— EXERCISE DATA —
════════════════
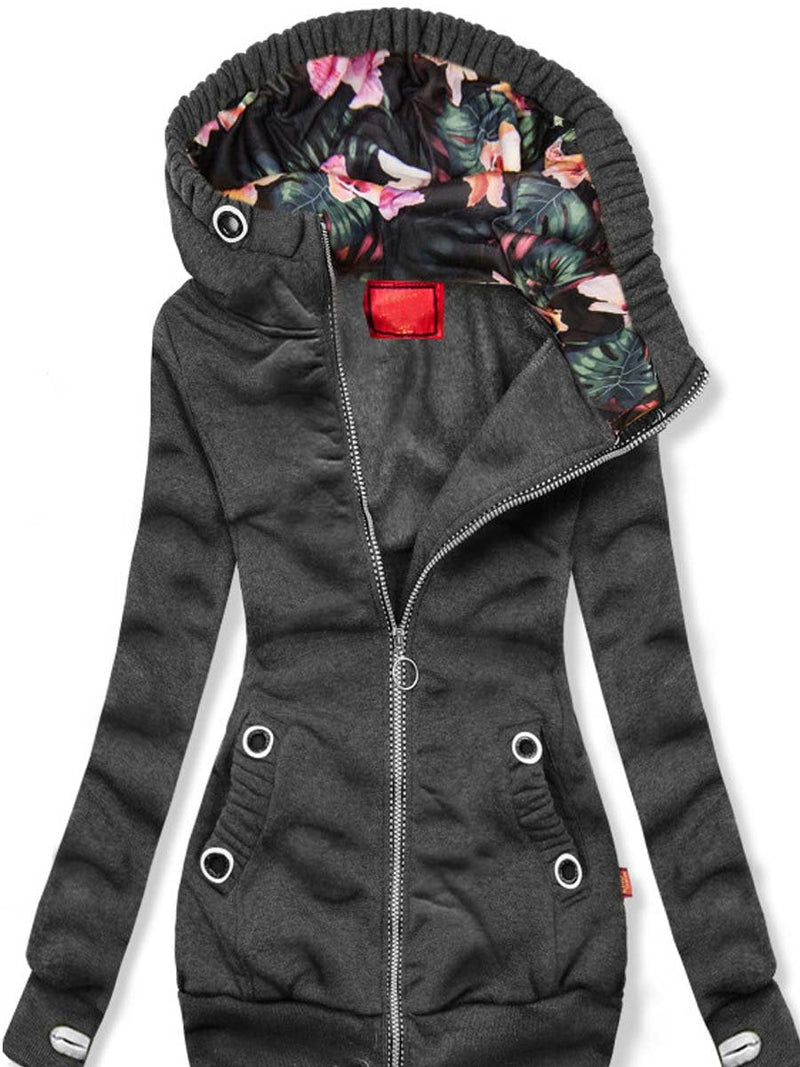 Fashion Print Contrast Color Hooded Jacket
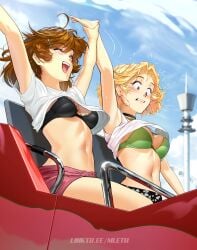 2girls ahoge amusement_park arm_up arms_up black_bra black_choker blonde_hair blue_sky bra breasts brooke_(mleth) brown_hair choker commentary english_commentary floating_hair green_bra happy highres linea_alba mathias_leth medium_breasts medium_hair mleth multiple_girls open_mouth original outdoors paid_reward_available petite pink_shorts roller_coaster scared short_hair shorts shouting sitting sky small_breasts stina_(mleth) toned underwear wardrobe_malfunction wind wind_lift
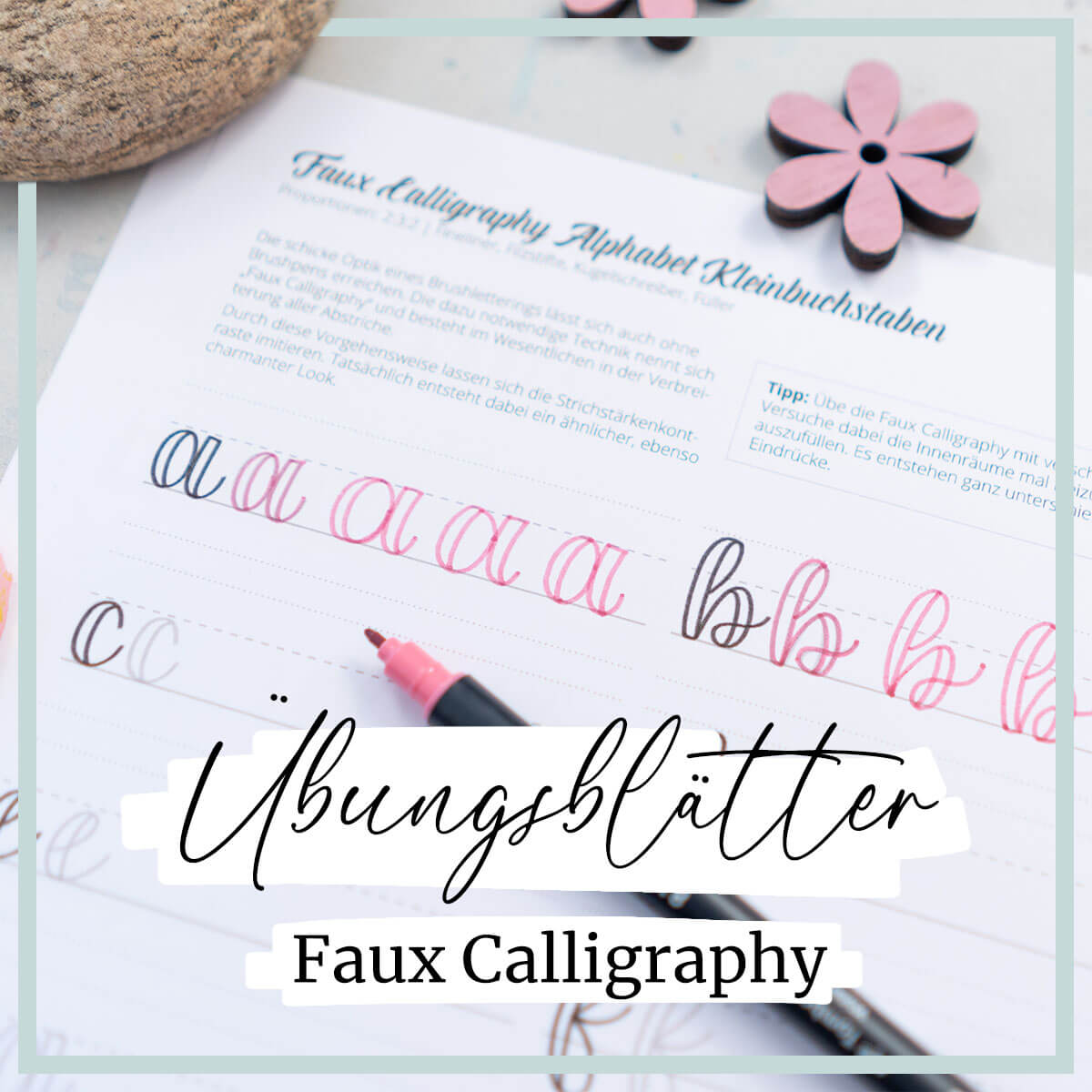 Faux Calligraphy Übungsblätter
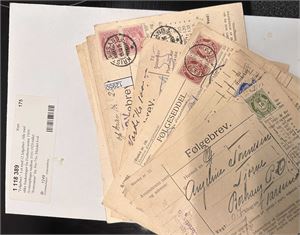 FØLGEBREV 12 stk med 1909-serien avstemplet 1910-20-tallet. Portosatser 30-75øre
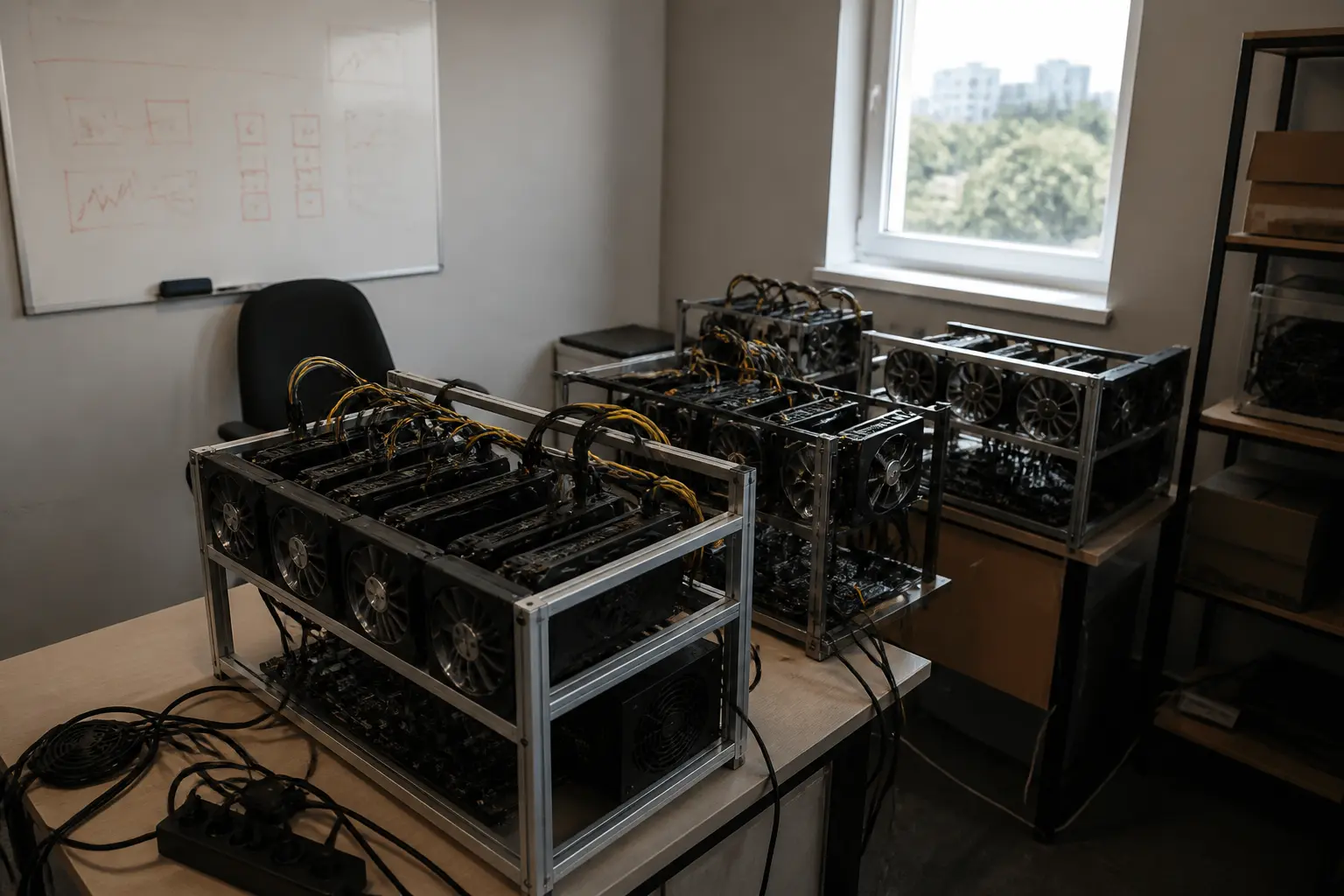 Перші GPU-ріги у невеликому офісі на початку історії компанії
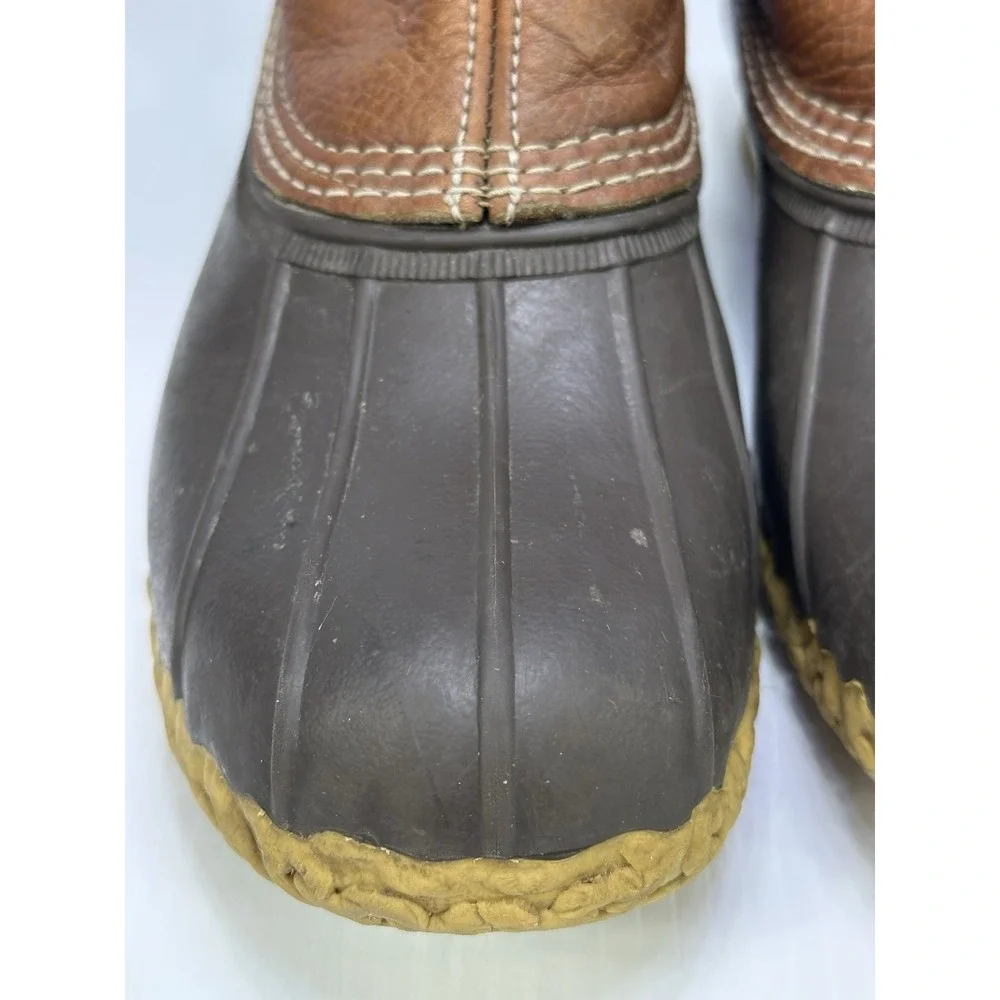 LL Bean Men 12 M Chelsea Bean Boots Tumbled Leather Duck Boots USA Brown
════════════════
— PROBLEM DETAILS —
Only the text of the entries above is to be given again, exactly, with the pictures left out.

— RESPONSE AREA —
 Fashion Print Contrast Color Hooded Jacket
 2girls ahoge amusement_park arm_up arms_up black_bra black_choker blonde_hair blue_sky bra breasts brooke_(mleth) brown_hair choker commentary english_commentary floating_hair green_bra happy highres linea_alba mathias_leth medium_breasts medium_hair mleth multiple_girls open_mouth original outdoors paid_reward_available petite pink_shorts roller_coaster scared short_hair shorts shouting sitting sky small_breasts stina_(mleth) toned underwear wardrobe_malfunction wind wind_lift
 Faux Calligraphy Übungsblätter
 FØLGEBREV 12 stk med 1909-serien avstemplet 1910-20-tallet. Portosatser 30-75øre
 Перші GPU-ріги у невеликому офісі на початку історії компанії
 LL Bean Men 12 M Chelsea Bean Boots Tumbled Leather Duck Boots USA Brown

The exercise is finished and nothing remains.